As a computer science research intern, Yi spent the summer of 2005 at Bowdoin College working with Professor Eric Chown on studying and improving the vision system of the Aibos--robot dogs we program to play soccer games against other universities and colleges.
To perform color blob, line, or edge identification, a picture captured by the Aibo's camera need to be thresholded first--every pixel in the raw image has one of 16 million values, that is too much information so those values need to be turned into basic colors like "blue" or "red." The vision system the Aibo's used previously used simple ranges in the color space to define a color (think of placing a big rectangle over the space of possible values) and thresholded pictures according to the calibrated those ranges. The old threshold algorithm was fast but it is not accurate enough, because its definitions of colors are just cubes in the color space where the real "shapes" of the colors could be virtually anything. Yi rewrote the threshold algorithm so that it is more accurate since it uses color tables to map the raw values to a color. The new threshold algorithm also has some useful new features such as allowing a pixel to be labeled with multiple colors. Yi also created a set of tools (including tools for sample collecting, analyzing and generating color tables) that facilitates the process of creating color tables use by the new algorithm.

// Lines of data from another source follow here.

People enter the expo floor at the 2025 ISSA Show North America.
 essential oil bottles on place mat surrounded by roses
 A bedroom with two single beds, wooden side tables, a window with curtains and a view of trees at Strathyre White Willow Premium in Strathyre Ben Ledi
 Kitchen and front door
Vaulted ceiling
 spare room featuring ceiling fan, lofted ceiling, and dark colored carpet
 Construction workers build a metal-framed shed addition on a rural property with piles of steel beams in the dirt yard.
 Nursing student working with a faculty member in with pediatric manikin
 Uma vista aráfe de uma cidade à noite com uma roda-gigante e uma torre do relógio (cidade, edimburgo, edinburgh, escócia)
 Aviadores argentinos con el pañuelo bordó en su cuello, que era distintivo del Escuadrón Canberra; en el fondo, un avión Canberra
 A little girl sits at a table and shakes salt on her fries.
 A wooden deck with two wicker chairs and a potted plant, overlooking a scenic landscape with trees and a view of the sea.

This project is continuing as an independent study during the school year. Yi has improved the speed of the threshold process by making use of the Color Detection hardware on the Aibos. The new vision system loads the color tables created by Yi into memory and performs the thresholding with algorithms that are built in to the Aibo's hardware. We are hoping that the performance of the vision system will further improve and help the Aibo soccer team improve its performance.